Hyzon Motors, the New York-based global supplier of zero-emissions hydrogen fuel cell powered commercial vehicles, has signed an agreement to supply what is expected to be the world’s heaviest zero-emissions truck on record, at twice the weight of the Space Shuttle.
As a company focused on hydrogen fuel cells, Hyzon Motors has had an easy time earning headlines.

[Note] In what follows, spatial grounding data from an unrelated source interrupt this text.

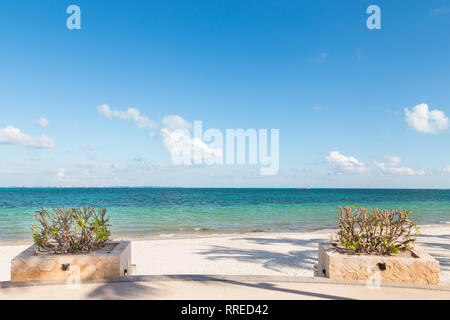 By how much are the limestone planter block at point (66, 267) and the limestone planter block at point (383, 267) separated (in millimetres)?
3991

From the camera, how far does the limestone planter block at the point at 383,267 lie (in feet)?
17.2

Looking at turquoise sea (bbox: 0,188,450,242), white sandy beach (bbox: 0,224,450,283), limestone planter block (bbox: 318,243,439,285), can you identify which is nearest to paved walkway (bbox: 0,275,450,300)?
limestone planter block (bbox: 318,243,439,285)

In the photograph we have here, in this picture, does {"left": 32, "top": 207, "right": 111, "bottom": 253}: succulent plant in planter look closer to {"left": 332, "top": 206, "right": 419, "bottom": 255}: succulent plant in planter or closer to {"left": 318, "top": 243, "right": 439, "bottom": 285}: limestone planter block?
{"left": 318, "top": 243, "right": 439, "bottom": 285}: limestone planter block

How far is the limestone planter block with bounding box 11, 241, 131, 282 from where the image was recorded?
5305mm

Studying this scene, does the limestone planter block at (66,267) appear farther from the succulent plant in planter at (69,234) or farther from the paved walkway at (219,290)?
the succulent plant in planter at (69,234)

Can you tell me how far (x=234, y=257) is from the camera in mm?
12031

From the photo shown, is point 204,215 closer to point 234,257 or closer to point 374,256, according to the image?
point 234,257

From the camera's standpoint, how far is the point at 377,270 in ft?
17.5

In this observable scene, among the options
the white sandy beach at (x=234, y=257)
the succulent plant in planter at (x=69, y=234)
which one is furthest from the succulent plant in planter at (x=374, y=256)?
the succulent plant in planter at (x=69, y=234)

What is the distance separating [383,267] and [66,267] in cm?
565

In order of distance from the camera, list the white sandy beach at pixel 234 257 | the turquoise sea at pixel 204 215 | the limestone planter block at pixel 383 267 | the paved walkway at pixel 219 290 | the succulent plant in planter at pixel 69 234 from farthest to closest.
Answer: the turquoise sea at pixel 204 215
the white sandy beach at pixel 234 257
the succulent plant in planter at pixel 69 234
the limestone planter block at pixel 383 267
the paved walkway at pixel 219 290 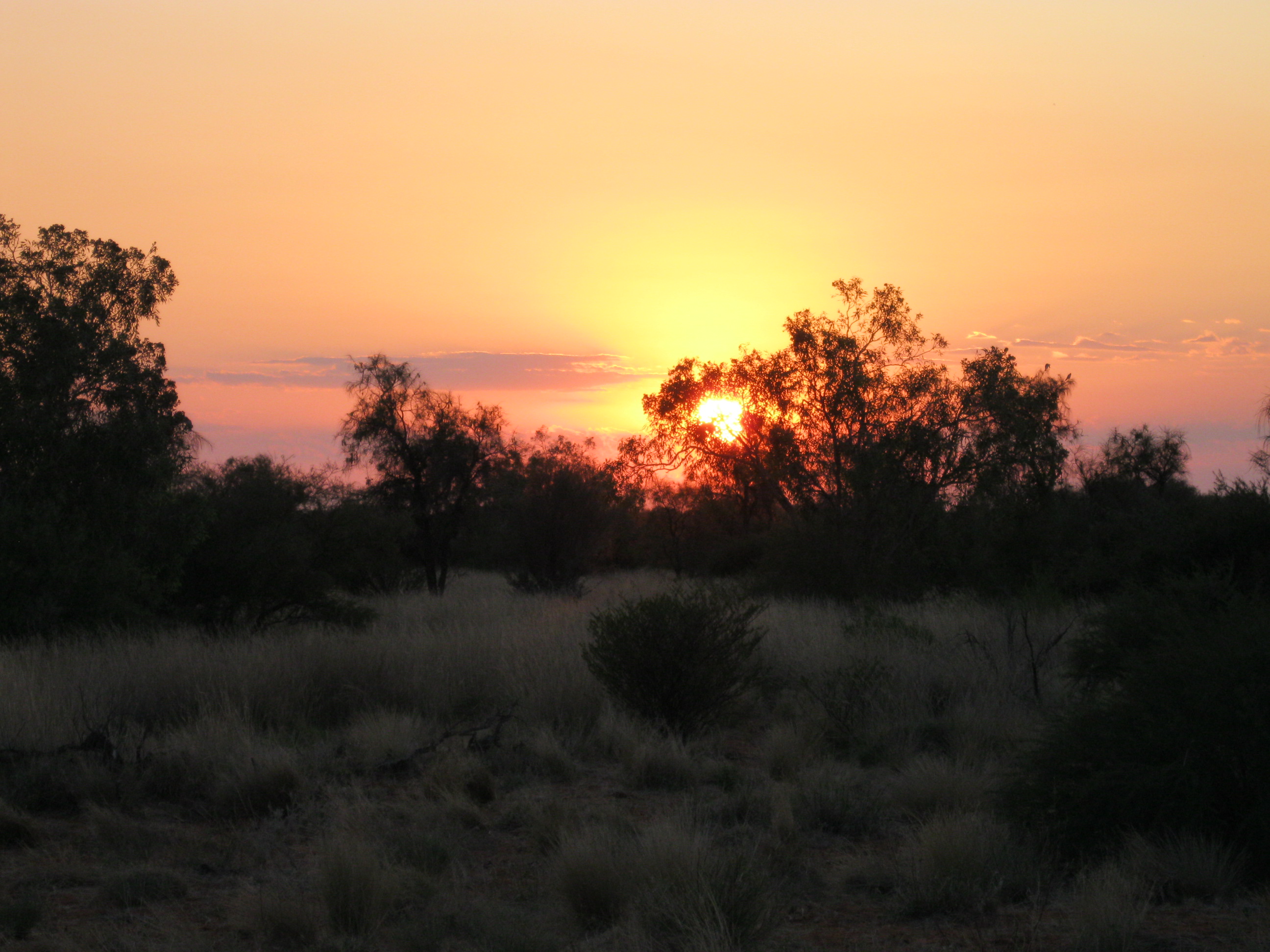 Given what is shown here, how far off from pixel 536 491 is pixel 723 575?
10.9 m

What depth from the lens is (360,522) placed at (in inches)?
818

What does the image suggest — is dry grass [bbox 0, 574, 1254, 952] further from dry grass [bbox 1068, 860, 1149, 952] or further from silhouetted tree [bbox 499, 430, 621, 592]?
silhouetted tree [bbox 499, 430, 621, 592]

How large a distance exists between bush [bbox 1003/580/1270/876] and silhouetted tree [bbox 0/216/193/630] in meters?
13.4

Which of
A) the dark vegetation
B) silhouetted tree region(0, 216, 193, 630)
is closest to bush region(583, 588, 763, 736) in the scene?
the dark vegetation

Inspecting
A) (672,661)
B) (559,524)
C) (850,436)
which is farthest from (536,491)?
(672,661)

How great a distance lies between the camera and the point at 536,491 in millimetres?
28891

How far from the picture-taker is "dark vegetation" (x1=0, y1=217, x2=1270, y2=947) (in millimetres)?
5582

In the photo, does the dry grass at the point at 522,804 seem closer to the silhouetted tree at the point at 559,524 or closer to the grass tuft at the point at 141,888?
the grass tuft at the point at 141,888

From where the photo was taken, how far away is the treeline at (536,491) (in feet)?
48.5

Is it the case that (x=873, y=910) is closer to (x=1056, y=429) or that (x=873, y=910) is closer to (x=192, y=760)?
(x=192, y=760)

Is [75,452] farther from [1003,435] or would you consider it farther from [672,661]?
[1003,435]

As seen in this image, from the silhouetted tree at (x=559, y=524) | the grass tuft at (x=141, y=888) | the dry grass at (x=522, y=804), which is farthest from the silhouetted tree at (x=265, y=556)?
the grass tuft at (x=141, y=888)

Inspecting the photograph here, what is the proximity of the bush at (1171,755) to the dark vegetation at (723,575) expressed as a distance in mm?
18

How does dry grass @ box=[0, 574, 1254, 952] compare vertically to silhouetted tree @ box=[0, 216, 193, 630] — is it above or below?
below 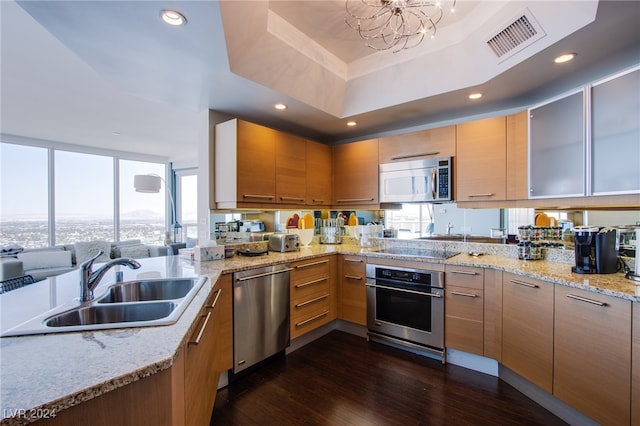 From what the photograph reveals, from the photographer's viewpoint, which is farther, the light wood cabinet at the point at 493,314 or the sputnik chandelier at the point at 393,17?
the light wood cabinet at the point at 493,314

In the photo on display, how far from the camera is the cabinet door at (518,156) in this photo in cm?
235

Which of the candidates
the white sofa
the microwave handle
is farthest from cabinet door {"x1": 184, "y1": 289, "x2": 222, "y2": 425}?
the white sofa

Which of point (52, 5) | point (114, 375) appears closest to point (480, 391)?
point (114, 375)

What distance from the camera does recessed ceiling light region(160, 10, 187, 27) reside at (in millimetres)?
1453

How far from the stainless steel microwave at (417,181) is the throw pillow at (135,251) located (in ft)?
16.0

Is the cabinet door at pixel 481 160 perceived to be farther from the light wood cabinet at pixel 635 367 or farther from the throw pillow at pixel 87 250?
the throw pillow at pixel 87 250

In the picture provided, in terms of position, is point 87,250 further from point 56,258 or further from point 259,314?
point 259,314

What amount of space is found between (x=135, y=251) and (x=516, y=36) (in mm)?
6312

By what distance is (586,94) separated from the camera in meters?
1.89

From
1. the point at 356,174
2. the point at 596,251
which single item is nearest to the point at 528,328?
the point at 596,251

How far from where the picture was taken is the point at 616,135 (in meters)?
1.76

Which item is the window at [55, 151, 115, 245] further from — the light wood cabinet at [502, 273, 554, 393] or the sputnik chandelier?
the light wood cabinet at [502, 273, 554, 393]

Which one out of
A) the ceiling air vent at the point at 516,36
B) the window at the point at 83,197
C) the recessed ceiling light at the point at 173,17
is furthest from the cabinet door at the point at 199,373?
the window at the point at 83,197

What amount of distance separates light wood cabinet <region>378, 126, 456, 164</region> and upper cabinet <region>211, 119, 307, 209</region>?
3.47 feet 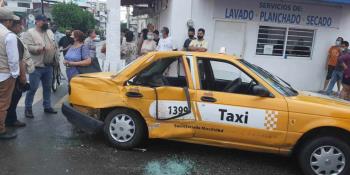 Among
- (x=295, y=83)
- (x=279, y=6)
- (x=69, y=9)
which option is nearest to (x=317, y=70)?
(x=295, y=83)

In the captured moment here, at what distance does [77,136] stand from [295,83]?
8099mm

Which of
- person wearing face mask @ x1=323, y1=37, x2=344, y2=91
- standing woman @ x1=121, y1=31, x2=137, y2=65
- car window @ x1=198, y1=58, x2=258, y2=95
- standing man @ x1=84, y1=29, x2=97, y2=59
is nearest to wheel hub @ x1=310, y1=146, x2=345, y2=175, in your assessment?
car window @ x1=198, y1=58, x2=258, y2=95

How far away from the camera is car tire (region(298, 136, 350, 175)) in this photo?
15.0ft

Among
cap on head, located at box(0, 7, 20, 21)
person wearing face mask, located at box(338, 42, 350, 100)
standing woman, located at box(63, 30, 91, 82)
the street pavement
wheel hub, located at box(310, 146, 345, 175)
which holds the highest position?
cap on head, located at box(0, 7, 20, 21)

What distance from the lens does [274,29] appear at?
1144 centimetres

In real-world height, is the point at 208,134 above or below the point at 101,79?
below

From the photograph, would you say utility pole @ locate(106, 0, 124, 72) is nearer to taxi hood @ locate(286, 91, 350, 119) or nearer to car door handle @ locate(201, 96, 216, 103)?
car door handle @ locate(201, 96, 216, 103)

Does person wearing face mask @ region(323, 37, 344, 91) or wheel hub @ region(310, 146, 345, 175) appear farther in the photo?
person wearing face mask @ region(323, 37, 344, 91)

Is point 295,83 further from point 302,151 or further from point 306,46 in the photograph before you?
point 302,151

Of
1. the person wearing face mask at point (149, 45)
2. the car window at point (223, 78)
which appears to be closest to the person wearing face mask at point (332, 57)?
the person wearing face mask at point (149, 45)

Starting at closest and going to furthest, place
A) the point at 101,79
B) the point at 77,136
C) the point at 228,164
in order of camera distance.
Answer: the point at 228,164
the point at 101,79
the point at 77,136

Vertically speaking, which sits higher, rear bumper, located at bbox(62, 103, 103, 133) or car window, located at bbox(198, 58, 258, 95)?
car window, located at bbox(198, 58, 258, 95)

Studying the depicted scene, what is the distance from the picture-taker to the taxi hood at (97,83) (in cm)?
532

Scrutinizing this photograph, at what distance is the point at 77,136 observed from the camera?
19.4ft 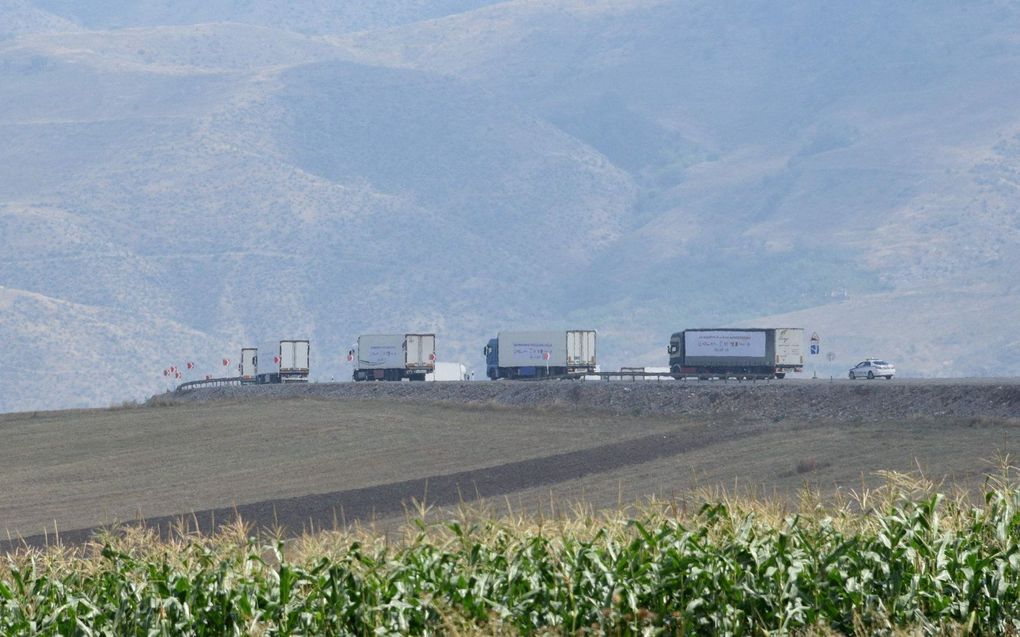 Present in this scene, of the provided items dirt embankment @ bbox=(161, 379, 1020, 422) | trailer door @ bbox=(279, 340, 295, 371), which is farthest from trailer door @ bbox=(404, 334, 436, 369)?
dirt embankment @ bbox=(161, 379, 1020, 422)

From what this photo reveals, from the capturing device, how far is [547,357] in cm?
10544

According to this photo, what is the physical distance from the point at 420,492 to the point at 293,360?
73887mm

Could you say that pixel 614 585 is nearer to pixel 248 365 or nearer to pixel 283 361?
pixel 283 361

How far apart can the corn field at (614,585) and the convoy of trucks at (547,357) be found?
71.8 meters

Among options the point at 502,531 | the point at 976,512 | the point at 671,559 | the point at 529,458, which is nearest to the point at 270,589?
the point at 502,531

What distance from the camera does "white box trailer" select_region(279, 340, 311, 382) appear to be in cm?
11975

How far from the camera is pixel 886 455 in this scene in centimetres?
4728

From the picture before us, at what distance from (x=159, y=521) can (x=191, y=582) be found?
25.2 m

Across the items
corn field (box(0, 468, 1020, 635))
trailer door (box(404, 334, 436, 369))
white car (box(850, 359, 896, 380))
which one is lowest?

Already this year in Australia, Sydney-based Real Energy Corporation’s hydrogen division Pure Hydrogen Corpsigned an MOU with Hyzon Australia to collaborate on the development of an Australian network of hydrogen refuelling points.
Similarly, a month later, Hyzon announced in February that it had signed a merger agreement with Decarbonization Plus Acquisition Corp to form a special purpose acquisition company in a deal reportedly worth $US2.7 billion ($A3.5 billion) – a relatively commonplace method for new-mobility companies to raise capital through an IPO.
A spin-off from Singapore based Horizon Fuel Cell Technologies, Hyzon Motors now finds itself working hard to prove the value and worth of hydrogen fuel cell-powered commercial vehicles, particularly in long haul and heavy-duty trucks.
It said on July 1 that it had signed an MOU to supply to an unnamed European heavy-lift, transport, and rigging group, what is believed to be the world’s heaviest zero-emissions truck.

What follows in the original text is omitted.